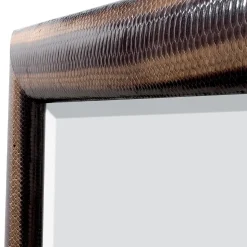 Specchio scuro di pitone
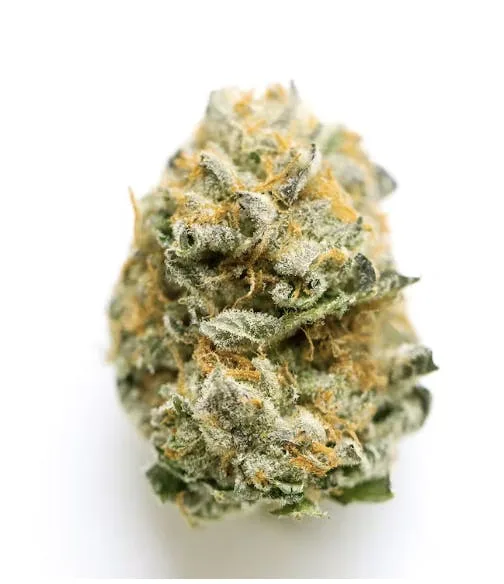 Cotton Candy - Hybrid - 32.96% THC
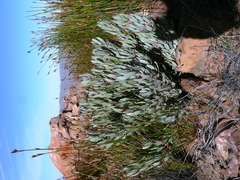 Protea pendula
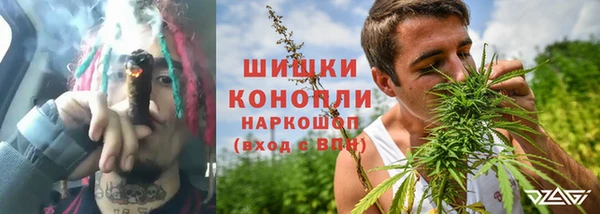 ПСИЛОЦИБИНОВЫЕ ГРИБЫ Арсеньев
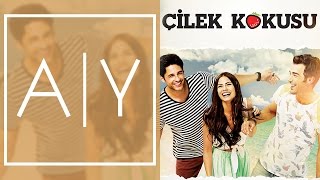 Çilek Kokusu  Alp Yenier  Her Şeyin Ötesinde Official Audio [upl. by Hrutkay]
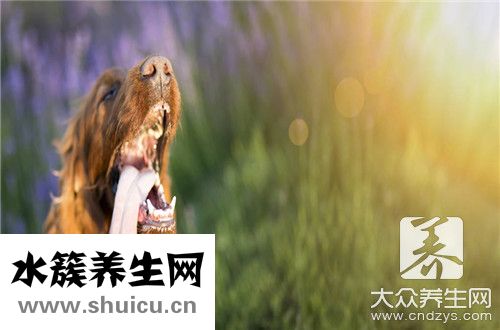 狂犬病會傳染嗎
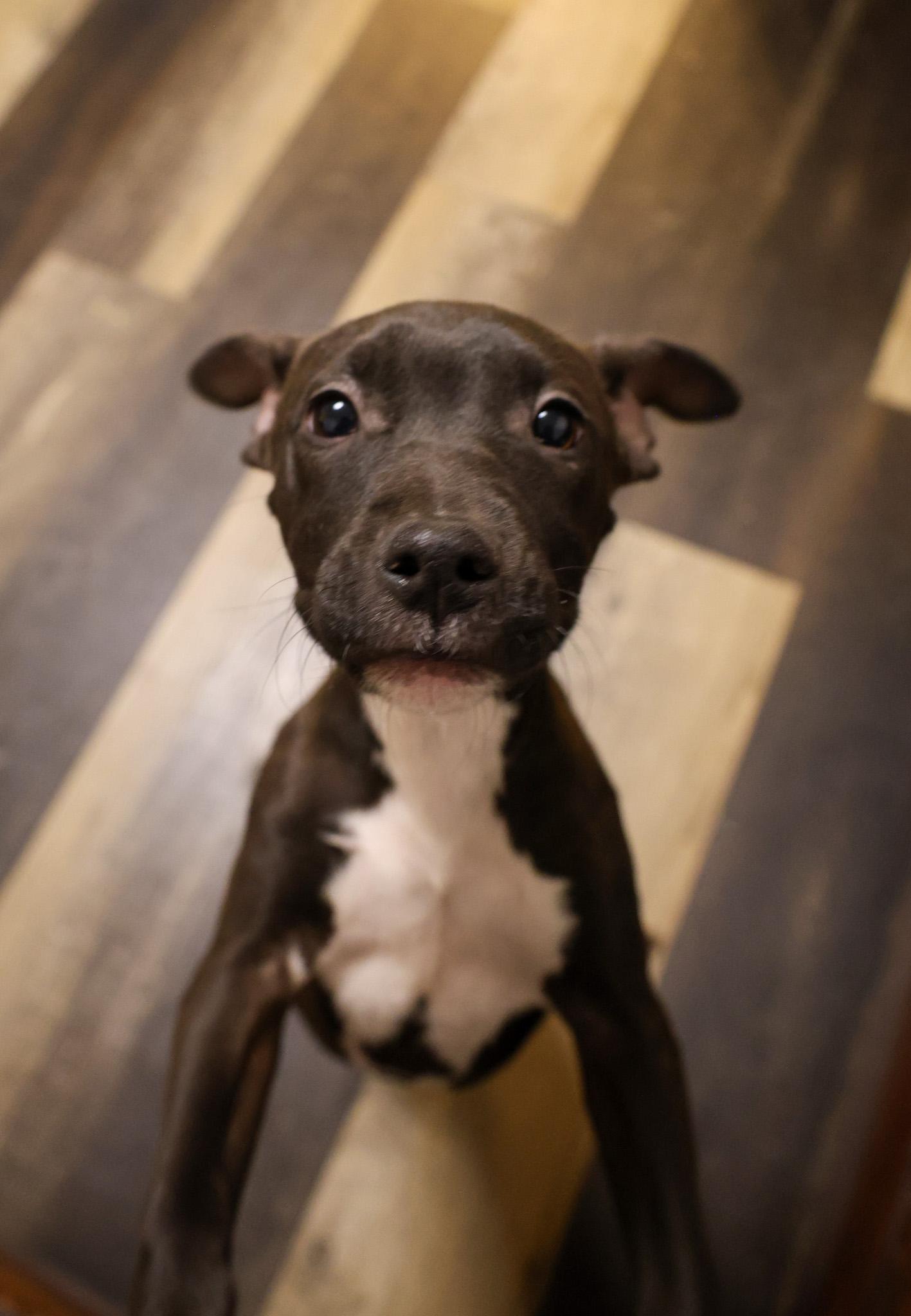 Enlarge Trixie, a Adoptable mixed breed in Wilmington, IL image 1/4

################

▶ _What you have to do_: Once more, give the listing above exactly, leaving each picture out.

▶ _Your solution_:
 Specchio scuro di pitone
 Cotton Candy - Hybrid - 32.96% THC
 Protea pendula
 ПСИЛОЦИБИНОВЫЕ ГРИБЫ Арсеньев
 Çilek Kokusu  Alp Yenier  Her Şeyin Ötesinde Official Audio [upl. by Hrutkay]
 狂犬病會傳染嗎
 Enlarge Trixie, a Adoptable mixed breed in Wilmington, IL image 1/4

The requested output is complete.